▶ AIM OF THE TASK:
When you write out the records, keep every word exact and drop the pictures.

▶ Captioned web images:
>>>
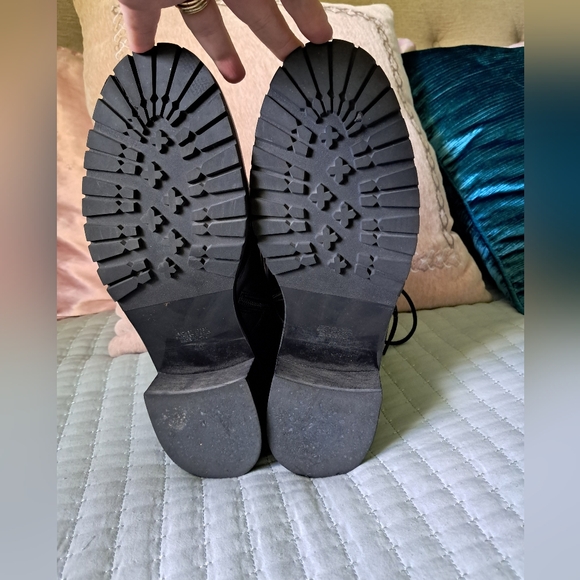 Vintage NAPOLEONI Black Leather Combat Moto Boots Zip Lace Up Italian Size 40 - Picture 12 of 13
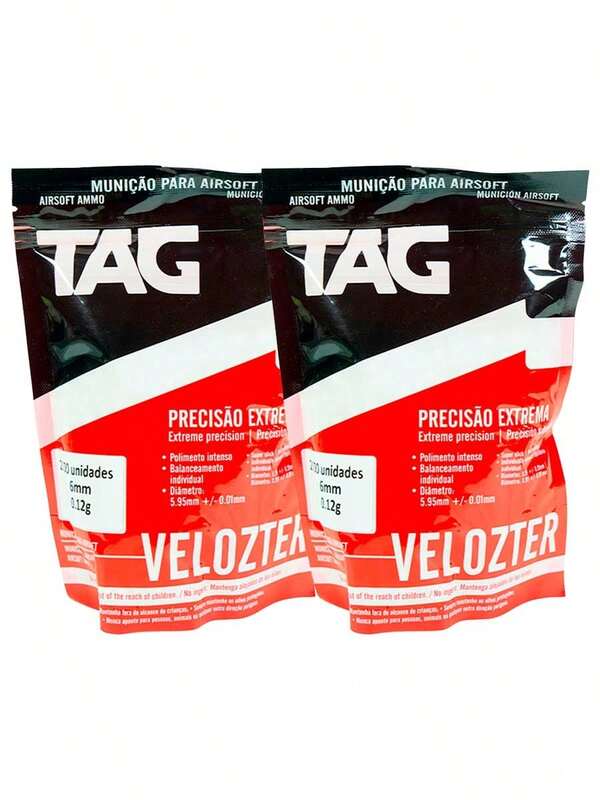 4000 Esferas BBs Airsoft 0.12g 2000un NTK Velozter TAG Para Pistola 6mm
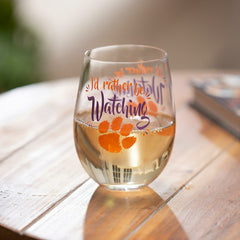 Clemson University, 17oz Boxed Stemless Glass - Home Collegiate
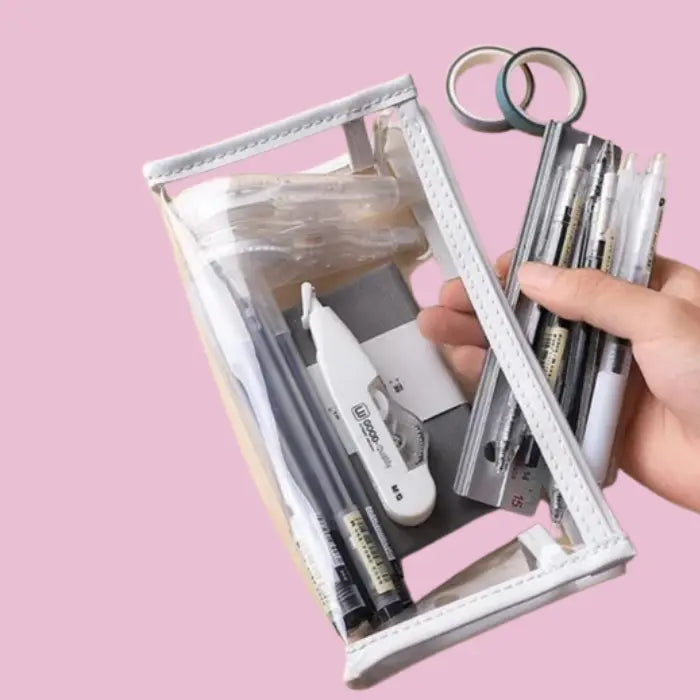 Clear pencil case set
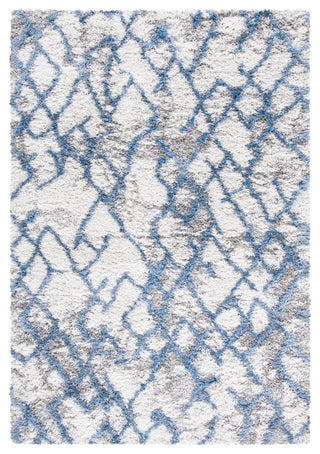 Safavieh Horizon Shag Collection HZN894M Rug, Ivory/Blue, 2' X 3'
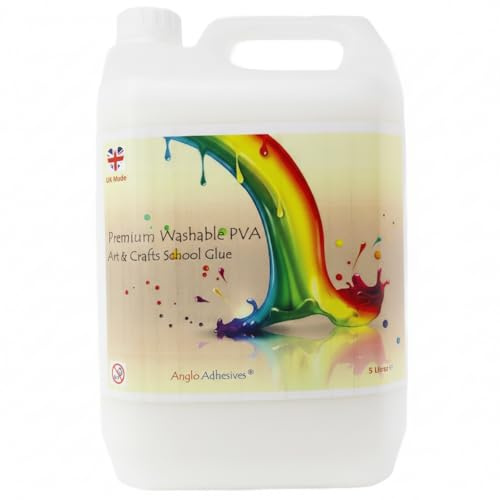 artcraft by anglo 5 Litre PVA Glue for Crafting & Art. White Eco Washable Crafters Glue for Kids Art, School Supplies, DIY Craft Projects & Sticking & Glueing Paper, Cardboard or Collage Art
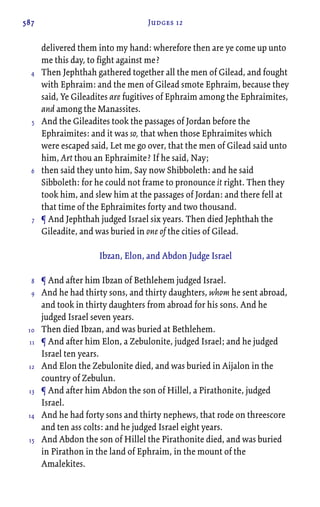 587 Judges 12
delivered them into my hand: wherefore then are ye come up unto
me this day, to fight against me?
Then Jephthah gathered together all the men of Gilead, and fought
with Ephraim: and the men of Gilead smote Ephraim, because they
said, Ye Gileadites are fugitives of Ephraim among the Ephraimites,
and among the Manassites.
And the Gileadites took the passages of Jordan before the
Ephraimites: and it was so, that when those Ephraimites which
were escaped said, Let me go over, that the men of Gilead said unto
him, Art thou an Ephraimite? If he said, Nay;
then said they unto him, Say now Shibboleth: and he said
Sibboleth: for he could not frame to pronounce it right. Then they
took him, and slew him at the passages of Jordan: and there fell at
that time of the Ephraimites forty and two thousand.
¶ And Jephthah judged Israel six years. Then died Jephthah the
Gileadite, and was buried in one of the cities of Gilead.
Ibzan, Elon, and Abdon Judge Israel
¶ And after him Ibzan of Bethlehem judged Israel.
And he had thirty sons, and thirty daughters, whom he sent abroad,
and took in thirty daughters from abroad for his sons. And he
judged Israel seven years.
Then died Ibzan, and was buried at Bethlehem.
¶ And after him Elon, a Zebulonite, judged Israel; and he judged
Israel ten years.
And Elon the Zebulonite died, and was buried in Aijalon in the
country of Zebulun.
¶ And after him Abdon the son of Hillel, a Pirathonite, judged
Israel.
And he had forty sons and thirty nephews, that rode on threescore
and ten ass colts: and he judged Israel eight years.
And Abdon the son of Hillel the Pirathonite died, and was buried
in Pirathon in the land of Ephraim, in the mount of the
Amalekites.
4
5
6
7
8
9
10
11
12
13
14
15
 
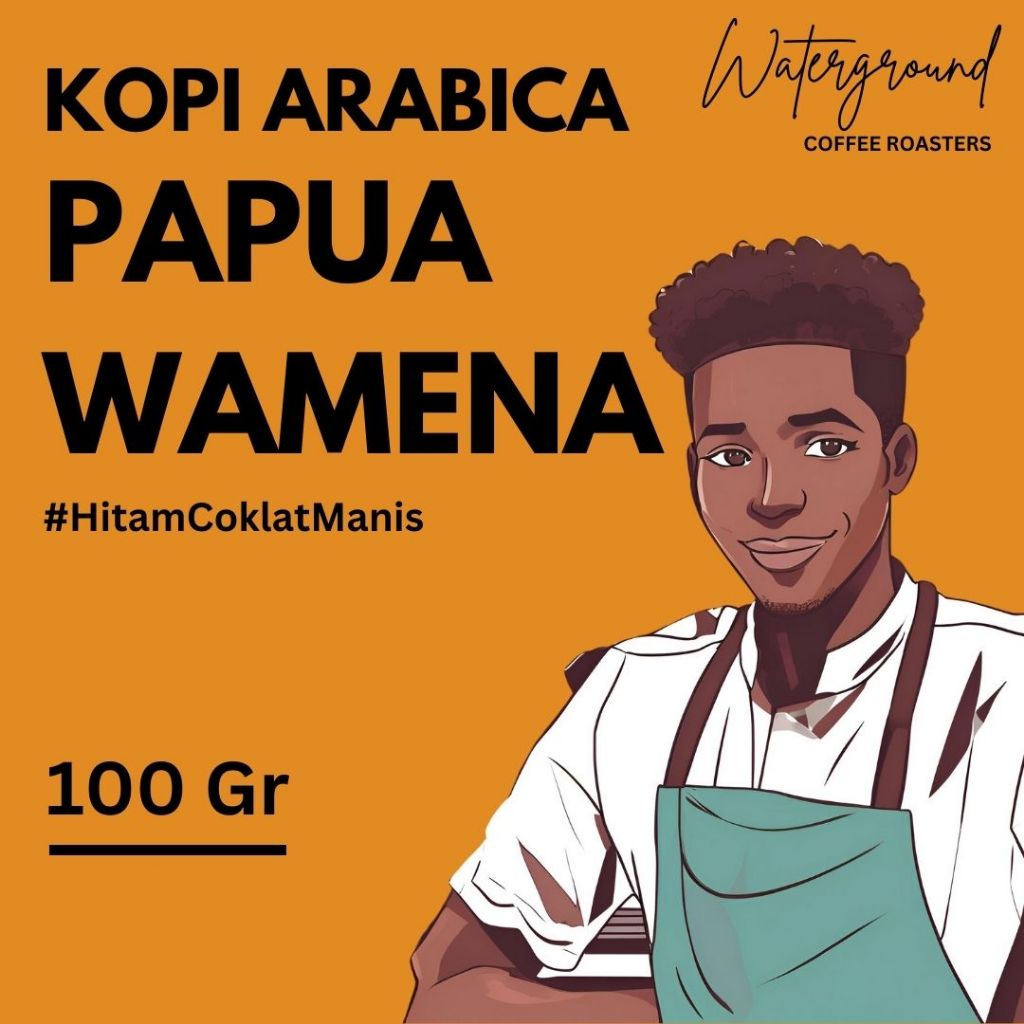 

Waterground Coffee Kopi Arabika Papua Wamena Biji Kopi GRADE 1 Single Origin, 100 GR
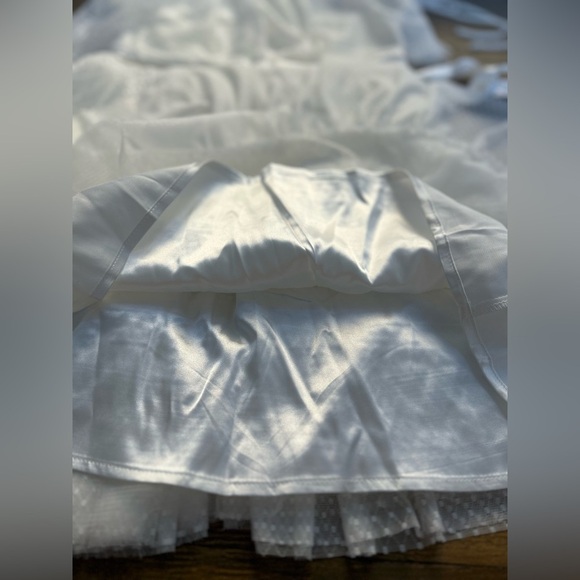 LULUS Adorable Event White Mesh One-Shoulder Swiss Dot Mini Dress Bridal - Picture 6 of 16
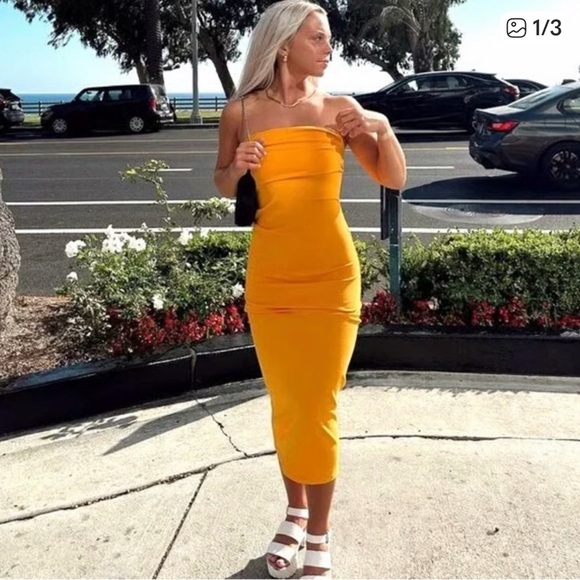 Zara Strapless Mustard Dress - Picture 4 of 4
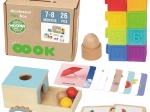 Boîte éducative Montessori 6 en 1 WOOPIE GREEN pour bébés de 7 à 8 mois, 26 pièces, FSC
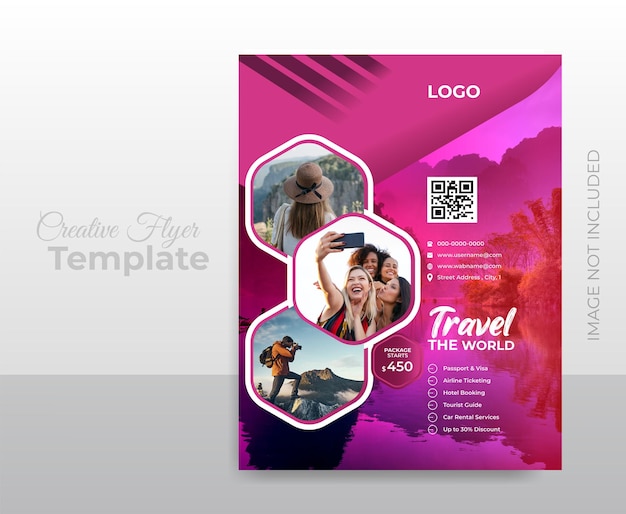 Modern travel flyer template with photo and vector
<<<
▶ ANSWER TO THIS PROBLEM:
 Vintage NAPOLEONI Black Leather Combat Moto Boots Zip Lace Up Italian Size 40 - Picture 12 of 13
 4000 Esferas BBs Airsoft 0.12g 2000un NTK Velozter TAG Para Pistola 6mm
 Clemson University, 17oz Boxed Stemless Glass - Home Collegiate
 Clear pencil case set
 Safavieh Horizon Shag Collection HZN894M Rug, Ivory/Blue, 2' X 3'
 artcraft by anglo 5 Litre PVA Glue for Crafting & Art. White Eco Washable Crafters Glue for Kids Art, School Supplies, DIY Craft Projects & Sticking & Glueing Paper, Cardboard or Collage Art
 587 Judges 12
delivered them into my hand: wherefore then are ye come up unto
me this day, to fight against me?
Then Jephthah gathered together all the men of Gilead, and fought
with Ephraim: and the men of Gilead smote Ephraim, because they
said, Ye Gileadites are fugitives of Ephraim among the Ephraimites,
and among the Manassites.
And the Gileadites took the passages of Jordan before the
Ephraimites: and it was so, that when those Ephraimites which
were escaped said, Let me go over, that the men of Gilead said unto
him, Art thou an Ephraimite? If he said, Nay;
then said they unto him, Say now Shibboleth: and he said
Sibboleth: for he could not frame to pronounce it right. Then they
took him, and slew him at the passages of Jordan: and there fell at
that time of the Ephraimites forty and two thousand.
¶ And Jephthah judged Israel six years. Then died Jephthah the
Gileadite, and was buried in one of the cities of Gilead.
Ibzan, Elon, and Abdon Judge Israel
¶ And after him Ibzan of Bethlehem judged Israel.
And he had thirty sons, and thirty daughters, whom he sent abroad,
and took in thirty daughters from abroad for his sons. And he
judged Israel seven years.
Then died Ibzan, and was buried at Bethlehem.
¶ And after him Elon, a Zebulonite, judged Israel; and he judged
Israel ten years.
And Elon the Zebulonite died, and was buried in Aijalon in the
country of Zebulun.
¶ And after him Abdon the son of Hillel, a Pirathonite, judged
Israel.
And he had forty sons and thirty nephews, that rode on threescore
and ten ass colts: and he judged Israel eight years.
And Abdon the son of Hillel the Pirathonite died, and was buried
in Pirathon in the land of Ephraim, in the mount of the
Amalekites.
4
5
6
7
8
9
10
11
12
13
14
15
 

Waterground Coffee Kopi Arabika Papua Wamena Biji Kopi GRADE 1 Single Origin, 100 GR
 LULUS Adorable Event White Mesh One-Shoulder Swiss Dot Mini Dress Bridal - Picture 6 of 16
 Zara Strapless Mustard Dress - Picture 4 of 4
 Boîte éducative Montessori 6 en 1 WOOPIE GREEN pour bébés de 7 à 8 mois, 26 pièces, FSC
 Modern travel flyer template with photo and vector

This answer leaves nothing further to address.